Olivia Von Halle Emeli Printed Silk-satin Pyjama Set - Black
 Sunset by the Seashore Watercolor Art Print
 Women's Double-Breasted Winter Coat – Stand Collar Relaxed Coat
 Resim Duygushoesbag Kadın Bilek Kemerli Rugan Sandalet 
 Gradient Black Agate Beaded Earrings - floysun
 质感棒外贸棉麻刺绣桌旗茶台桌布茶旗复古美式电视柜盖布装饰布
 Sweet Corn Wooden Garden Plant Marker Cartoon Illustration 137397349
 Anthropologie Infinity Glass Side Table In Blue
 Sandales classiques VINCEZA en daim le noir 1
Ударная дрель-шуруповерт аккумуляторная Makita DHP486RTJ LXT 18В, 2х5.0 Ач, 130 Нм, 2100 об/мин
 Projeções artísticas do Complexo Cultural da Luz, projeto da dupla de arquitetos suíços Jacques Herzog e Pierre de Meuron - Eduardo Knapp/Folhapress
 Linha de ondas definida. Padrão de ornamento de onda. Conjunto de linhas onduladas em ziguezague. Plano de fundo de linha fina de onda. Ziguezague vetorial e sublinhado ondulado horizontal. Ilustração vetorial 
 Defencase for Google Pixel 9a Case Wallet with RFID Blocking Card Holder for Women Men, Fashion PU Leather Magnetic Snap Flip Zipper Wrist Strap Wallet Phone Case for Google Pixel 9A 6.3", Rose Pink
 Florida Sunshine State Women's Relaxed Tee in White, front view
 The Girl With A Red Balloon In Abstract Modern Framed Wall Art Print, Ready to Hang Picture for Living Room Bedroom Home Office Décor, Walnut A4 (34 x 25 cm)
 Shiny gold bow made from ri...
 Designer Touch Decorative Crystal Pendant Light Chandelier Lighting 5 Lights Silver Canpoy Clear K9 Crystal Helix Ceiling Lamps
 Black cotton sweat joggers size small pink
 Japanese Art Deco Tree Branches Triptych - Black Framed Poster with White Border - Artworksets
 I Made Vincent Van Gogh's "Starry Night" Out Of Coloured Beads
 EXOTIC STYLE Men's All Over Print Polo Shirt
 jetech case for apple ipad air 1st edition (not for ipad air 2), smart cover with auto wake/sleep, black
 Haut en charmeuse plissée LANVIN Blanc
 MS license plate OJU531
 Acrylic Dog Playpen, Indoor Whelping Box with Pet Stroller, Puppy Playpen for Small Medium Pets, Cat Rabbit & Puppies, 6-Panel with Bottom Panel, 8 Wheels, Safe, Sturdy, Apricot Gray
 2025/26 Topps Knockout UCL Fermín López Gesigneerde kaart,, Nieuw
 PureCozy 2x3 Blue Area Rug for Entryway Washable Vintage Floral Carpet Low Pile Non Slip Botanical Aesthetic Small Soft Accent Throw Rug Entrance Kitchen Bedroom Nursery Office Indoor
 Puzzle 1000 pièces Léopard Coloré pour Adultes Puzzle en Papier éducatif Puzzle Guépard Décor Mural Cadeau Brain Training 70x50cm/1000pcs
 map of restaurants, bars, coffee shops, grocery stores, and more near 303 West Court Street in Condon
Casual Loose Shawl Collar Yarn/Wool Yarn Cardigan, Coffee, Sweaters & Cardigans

++++++++

DIRECTIONS FOR THIS TASK | Look over the records above, and wherever a line contains the string "Collar", copy that line.

RESULT OF THIS EXERCISE |
 Women's Double-Breasted Winter Coat – Stand Collar Relaxed Coat
Casual Loose Shawl Collar Yarn/Wool Yarn Cardigan, Coffee, Sweaters & Cardigans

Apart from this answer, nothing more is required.